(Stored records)
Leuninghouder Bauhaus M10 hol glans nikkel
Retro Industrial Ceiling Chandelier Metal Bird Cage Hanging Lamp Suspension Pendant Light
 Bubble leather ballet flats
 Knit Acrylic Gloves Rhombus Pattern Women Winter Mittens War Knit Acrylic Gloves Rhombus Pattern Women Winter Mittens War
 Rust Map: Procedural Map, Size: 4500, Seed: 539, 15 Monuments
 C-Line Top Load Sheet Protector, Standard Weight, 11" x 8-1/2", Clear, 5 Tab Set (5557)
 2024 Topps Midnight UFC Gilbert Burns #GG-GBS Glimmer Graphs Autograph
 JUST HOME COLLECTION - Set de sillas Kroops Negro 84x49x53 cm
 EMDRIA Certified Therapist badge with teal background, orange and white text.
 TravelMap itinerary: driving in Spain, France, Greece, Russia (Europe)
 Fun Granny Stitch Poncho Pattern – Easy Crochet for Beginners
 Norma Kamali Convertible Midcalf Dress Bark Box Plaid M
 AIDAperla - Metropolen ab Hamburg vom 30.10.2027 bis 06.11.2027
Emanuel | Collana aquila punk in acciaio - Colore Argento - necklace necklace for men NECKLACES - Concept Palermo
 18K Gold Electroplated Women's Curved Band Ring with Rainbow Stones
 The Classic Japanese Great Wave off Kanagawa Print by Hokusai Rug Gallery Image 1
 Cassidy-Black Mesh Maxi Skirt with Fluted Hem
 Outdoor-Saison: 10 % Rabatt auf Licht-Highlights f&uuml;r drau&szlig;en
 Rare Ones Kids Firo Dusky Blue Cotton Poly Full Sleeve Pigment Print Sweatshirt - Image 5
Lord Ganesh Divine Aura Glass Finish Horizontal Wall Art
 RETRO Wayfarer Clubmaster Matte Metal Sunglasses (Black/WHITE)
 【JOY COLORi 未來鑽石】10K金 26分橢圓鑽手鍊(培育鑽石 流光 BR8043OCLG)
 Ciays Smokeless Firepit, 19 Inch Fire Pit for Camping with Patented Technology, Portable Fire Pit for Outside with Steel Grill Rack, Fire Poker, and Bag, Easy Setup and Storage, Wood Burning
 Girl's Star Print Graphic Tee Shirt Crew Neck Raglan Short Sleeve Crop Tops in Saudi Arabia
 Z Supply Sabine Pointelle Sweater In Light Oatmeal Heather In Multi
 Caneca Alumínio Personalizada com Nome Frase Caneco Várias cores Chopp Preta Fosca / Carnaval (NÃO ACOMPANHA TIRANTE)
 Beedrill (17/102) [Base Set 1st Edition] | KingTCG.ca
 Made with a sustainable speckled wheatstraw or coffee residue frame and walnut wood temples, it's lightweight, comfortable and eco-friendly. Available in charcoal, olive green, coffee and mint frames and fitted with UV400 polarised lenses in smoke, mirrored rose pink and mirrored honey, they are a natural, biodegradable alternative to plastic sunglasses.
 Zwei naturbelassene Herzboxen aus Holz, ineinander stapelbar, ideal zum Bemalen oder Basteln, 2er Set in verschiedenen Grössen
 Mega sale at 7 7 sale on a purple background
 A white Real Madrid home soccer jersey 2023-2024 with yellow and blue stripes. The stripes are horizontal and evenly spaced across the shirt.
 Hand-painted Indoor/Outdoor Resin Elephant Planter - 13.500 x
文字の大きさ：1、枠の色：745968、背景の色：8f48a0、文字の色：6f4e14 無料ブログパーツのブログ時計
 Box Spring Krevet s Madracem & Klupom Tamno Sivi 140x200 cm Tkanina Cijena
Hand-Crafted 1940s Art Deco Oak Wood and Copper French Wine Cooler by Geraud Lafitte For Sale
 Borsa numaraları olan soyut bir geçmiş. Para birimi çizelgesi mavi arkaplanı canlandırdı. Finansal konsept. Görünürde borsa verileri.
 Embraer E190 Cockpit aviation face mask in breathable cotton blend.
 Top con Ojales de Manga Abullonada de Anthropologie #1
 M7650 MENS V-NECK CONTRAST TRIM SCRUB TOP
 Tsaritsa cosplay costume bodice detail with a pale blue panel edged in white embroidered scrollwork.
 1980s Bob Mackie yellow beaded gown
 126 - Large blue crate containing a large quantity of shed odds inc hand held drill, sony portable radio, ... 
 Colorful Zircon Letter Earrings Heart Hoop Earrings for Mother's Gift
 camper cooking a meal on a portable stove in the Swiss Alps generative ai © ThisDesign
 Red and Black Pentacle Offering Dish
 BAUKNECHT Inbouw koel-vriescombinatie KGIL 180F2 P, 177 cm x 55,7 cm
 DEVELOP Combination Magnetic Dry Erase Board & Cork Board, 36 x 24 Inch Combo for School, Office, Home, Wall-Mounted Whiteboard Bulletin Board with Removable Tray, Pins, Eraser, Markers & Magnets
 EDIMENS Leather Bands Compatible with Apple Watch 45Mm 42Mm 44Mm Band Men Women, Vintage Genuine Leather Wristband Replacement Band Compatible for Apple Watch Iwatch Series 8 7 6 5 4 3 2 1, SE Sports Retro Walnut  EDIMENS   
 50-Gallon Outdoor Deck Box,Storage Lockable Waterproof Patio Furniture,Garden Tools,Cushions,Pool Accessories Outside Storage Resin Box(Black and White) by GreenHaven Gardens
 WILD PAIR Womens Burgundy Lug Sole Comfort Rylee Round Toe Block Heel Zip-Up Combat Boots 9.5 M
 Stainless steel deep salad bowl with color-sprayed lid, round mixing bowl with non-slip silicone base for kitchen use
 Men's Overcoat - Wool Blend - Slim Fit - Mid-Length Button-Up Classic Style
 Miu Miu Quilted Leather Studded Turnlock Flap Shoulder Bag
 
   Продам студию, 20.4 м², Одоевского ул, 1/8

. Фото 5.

| AIM OF THE TASK |
All that is wanted is the stretch of lines above from the one containing "Lord Ganesh Divine" through the one containing "Beedrill (17/102) [Base", duplicated exactly.

| WRITTEN ANSWER |
Lord Ganesh Divine Aura Glass Finish Horizontal Wall Art
 RETRO Wayfarer Clubmaster Matte Metal Sunglasses (Black/WHITE)
 【JOY COLORi 未來鑽石】10K金 26分橢圓鑽手鍊(培育鑽石 流光 BR8043OCLG)
 Ciays Smokeless Firepit, 19 Inch Fire Pit for Camping with Patented Technology, Portable Fire Pit for Outside with Steel Grill Rack, Fire Poker, and Bag, Easy Setup and Storage, Wood Burning
 Girl's Star Print Graphic Tee Shirt Crew Neck Raglan Short Sleeve Crop Tops in Saudi Arabia
 Z Supply Sabine Pointelle Sweater In Light Oatmeal Heather In Multi
 Caneca Alumínio Personalizada com Nome Frase Caneco Várias cores Chopp Preta Fosca / Carnaval (NÃO ACOMPANHA TIRANTE)
 Beedrill (17/102) [Base Set 1st Edition] | KingTCG.ca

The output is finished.